Hawaii’s Supreme Court unanimously ruled the case could move forward to trial Oct. 31, rejecting the companies’ argument the lawsuit seeks to regulate emissions or interstate commerce, a power only the federal government has.

Instead, the court said the case is focused on misleading statements oil and gas companies made, which the suit says led to climate change-caused property and infrastructure damage.

“We decline to unduly limit Hawaii’s ability to use its police powers to protect its citizens from alleged deceptive marketing,” Chief Justice Mark Recktenwald wrote in the majority opinion.

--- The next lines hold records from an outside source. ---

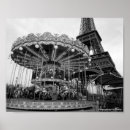 Search for carousels posters Photography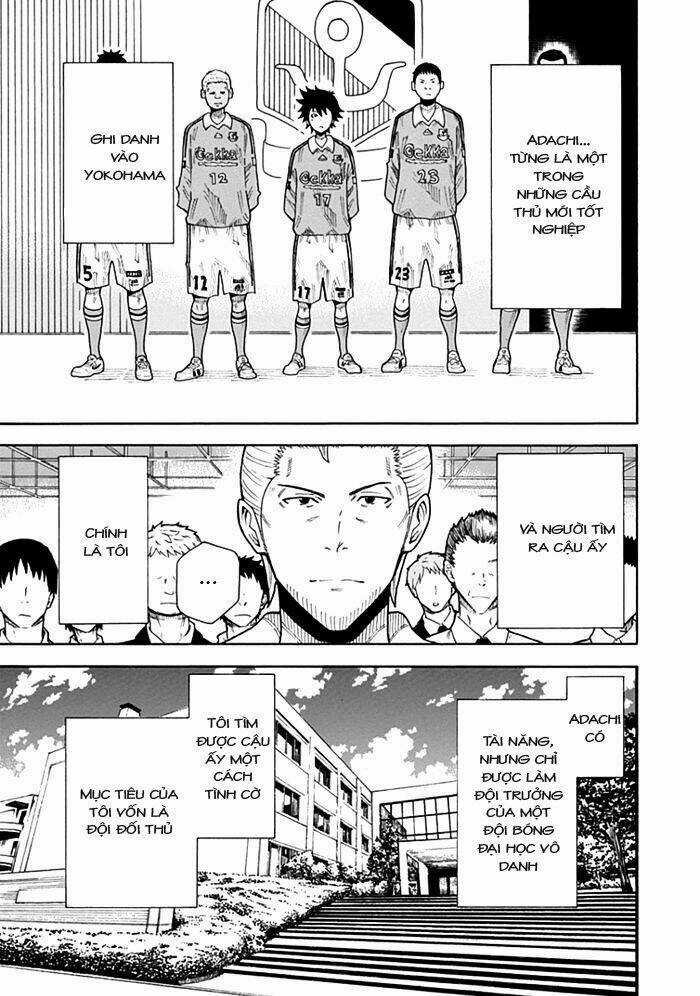 1/11 Chapter 11 trang 10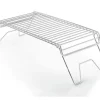 GSI Outdoors Folding Campfire Grill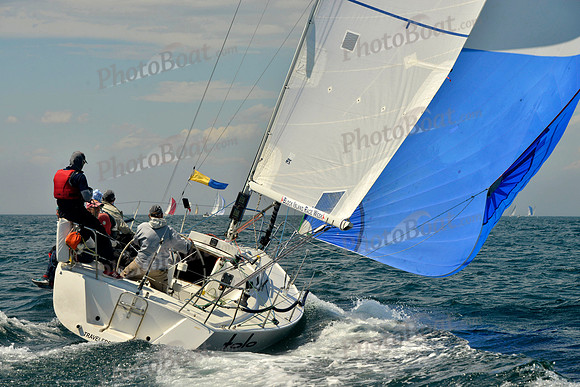2017 Block Island Race Week C_1773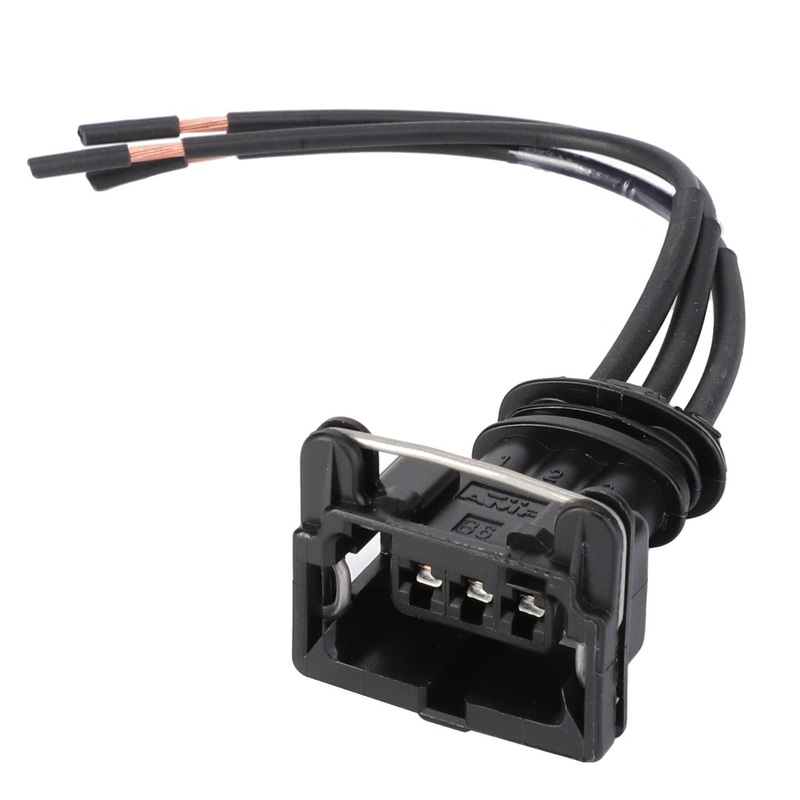 AGCO | Harness - 3378283M1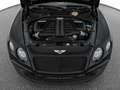 Bentley Continental GTC Speed Black Edition Schwarz - thumbnail 28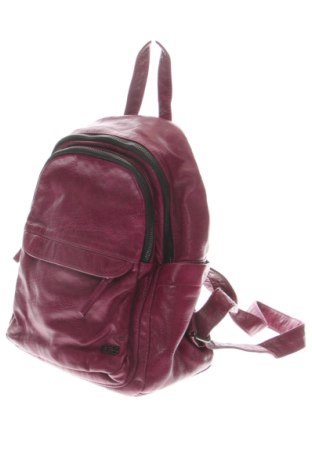 Раница Unbranded, Цвят Лилав, Цена 33,00 €, #137998511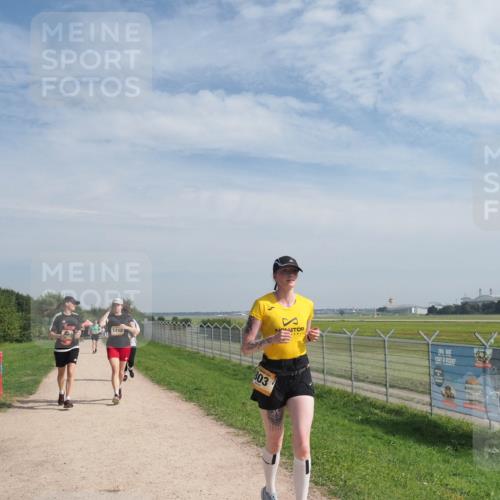 08.09.2024 - Airport Race Miley Keyser http://msf.ph/oto/7022353 08.09.2024 12:44:47 Laufen OLYMPUS, DIGITAL, CAMERA meine-sportfotos.de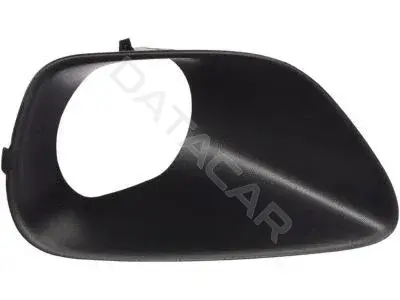 Накладка фары CHRYSLER 68078285AA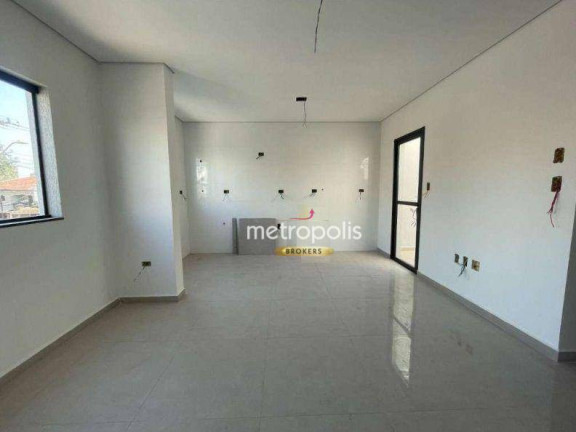 Imagem Sobrado com 2 Quartos à Venda, 95 m² em Parque Das Nações - Santo André Imagem Sobrado com 2 Quartos à Venda, 95 m² em Parque Das Nações - Santo André
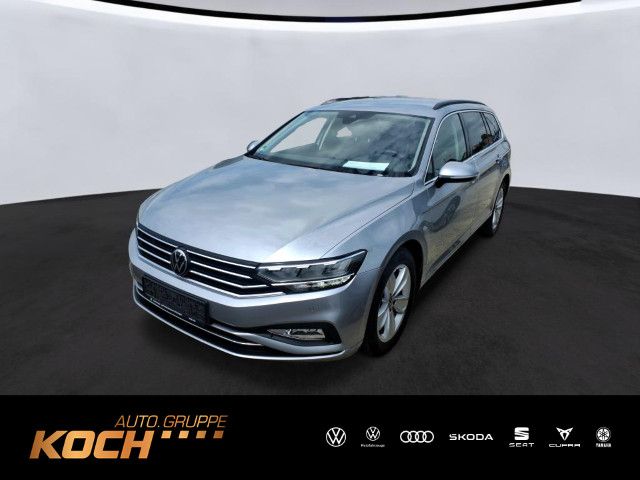 VW Passat 103.500 km 23.930 &euro; Insingen 91610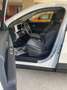 Hyundai IONIQ 5 Ioniq 5 77,4 kWh Innovation rwd Bianco - thumbnail 10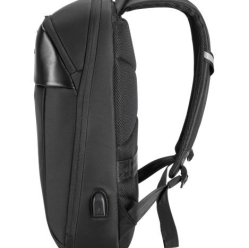 MODECOM PLECAK DO LAPTOPA 15,6 cala ACTIVE 15 Czarny 
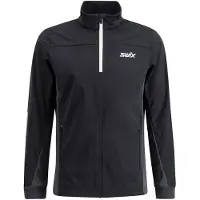 Swix Cross Softshelljack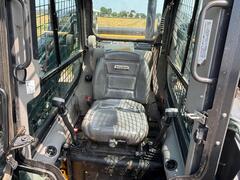 2018 NEW HOLLAND L228 - Image 12
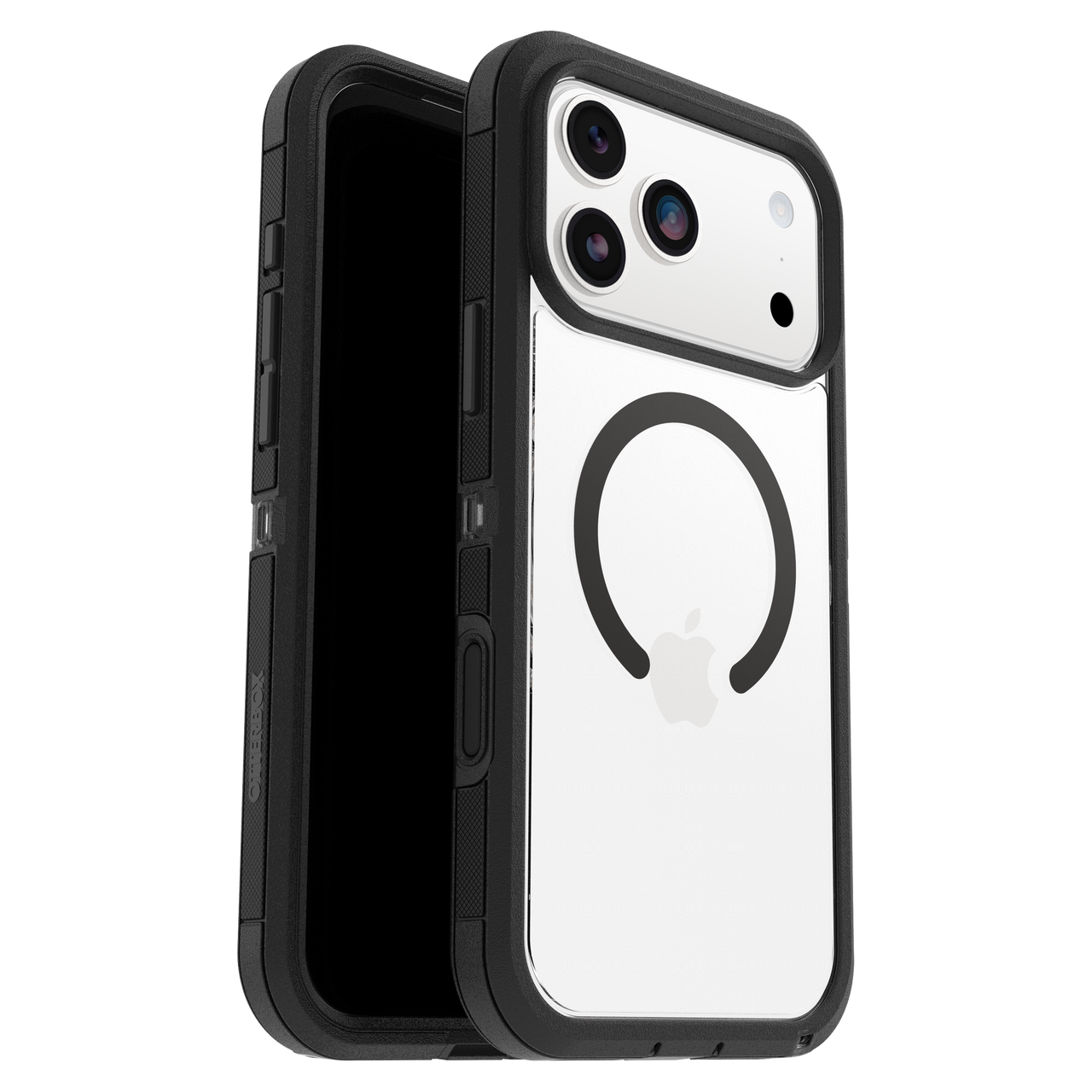 OtterBox Defender Series Pro XT Phone Case - Thumbnail 4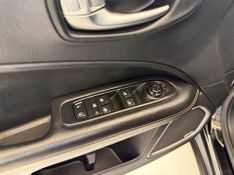 Jeep Compass Longitude 2.0 2017/2017 COVEL VEICULOS ENCANTADO / Carros no Vale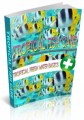 Tropical Fish Care Resale Rights Ebook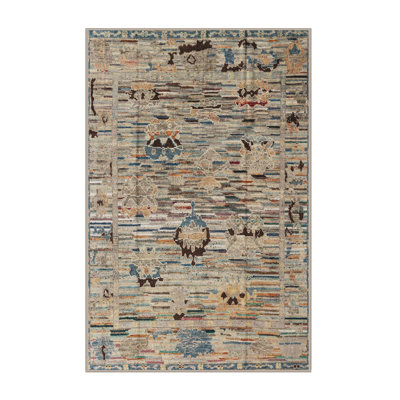 Indoor Rug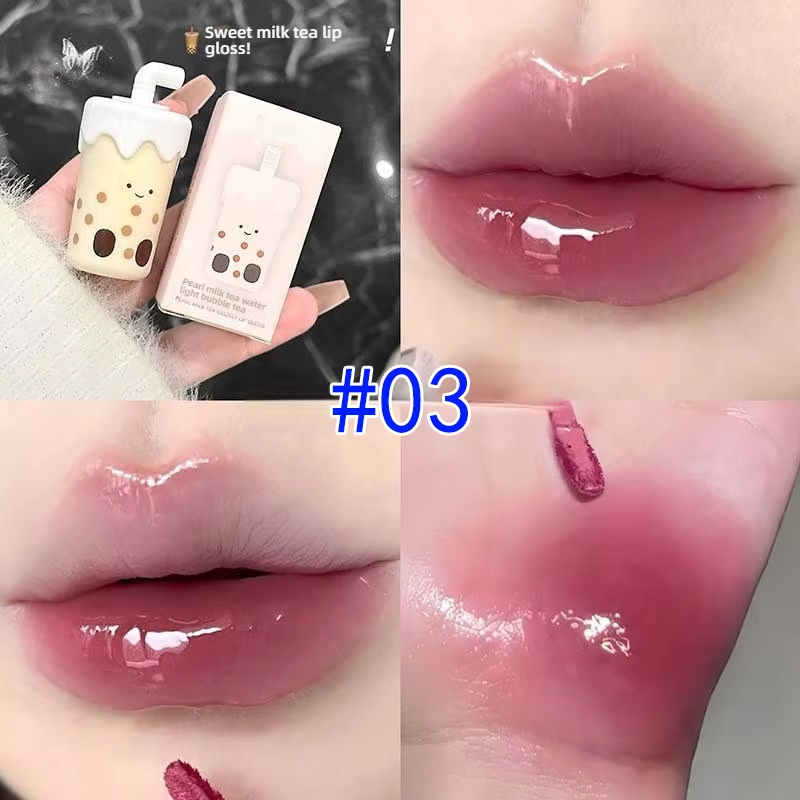 微信图片_20251101162730_7984_7 微信图片_20251101162730_7984_7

The lawsuit names Chevron, Exxon, Shell and BP among others and could cost the companies billions of dollars in damages.

It was filed in 2020 with the claim that the named companies knew burning fossil fuels would lead to climate change but worked to conceal the truth from the public for decades.

The defendants “knowingly concealed and misrepresented the climate impacts of their fossil fuel
products” and engaged in “sophisticated disinformation campaigns to cast doubt on the science, causes, and effects of global warming,” the complaint stated.

The lawsuit pointed to the impact it has had on Hawaii specifically, saying heat waves linked to climate change have stressed Honolulu’s electrical grid and a wastewater treatment plant would need to be rebuilt to account for rising sea levels, along with storms, flooding and wildfires.

The suit does not specify an exact amount of damages but argues the climate disasters Honolulu has faced cost billions in destruction and repairs.

Chevron released a statement disagreeing with the lawsuit and the court’s decision to uphold it.

“Under our federal constitutional structure, a Hawaiian court applying Hawaiian law is not the appropriate authority to reshape interstate and international activities in a major sector of the economy,” the company said.

Shell, also named in the suit, said, “We do not believe the courtroom is the right venue to address climate change.”

Similar cases filed by local governments in California, Delaware, Maryland, New Jersey, Hawaii and Rhode Island over climate change have been sent back to state courts, and none have gone to trial.

“This is now the most important climate case in the United States,” said former Hawaii Supreme Court Justice Michael Wilson, who retired earlier after a decade on the state’s highest court. “Now the Hawai‘i Supreme Court has allowed a jury of 12 Hawai’i citizens to decide whether lies by the oil companies created large-scale billion-dollar damage to our county and city of Honolulu.”